GIVEN INFORMATION:
────────
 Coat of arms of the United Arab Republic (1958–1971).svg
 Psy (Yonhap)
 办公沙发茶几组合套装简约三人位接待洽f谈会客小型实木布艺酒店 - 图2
────────
The reply should be a precise retyping of all the data.

 Coat of arms of the United Arab Republic (1958–1971).svg
 Psy (Yonhap)
 办公沙发茶几组合套装简约三人位接待洽f谈会客小型实木布艺酒店 - 图2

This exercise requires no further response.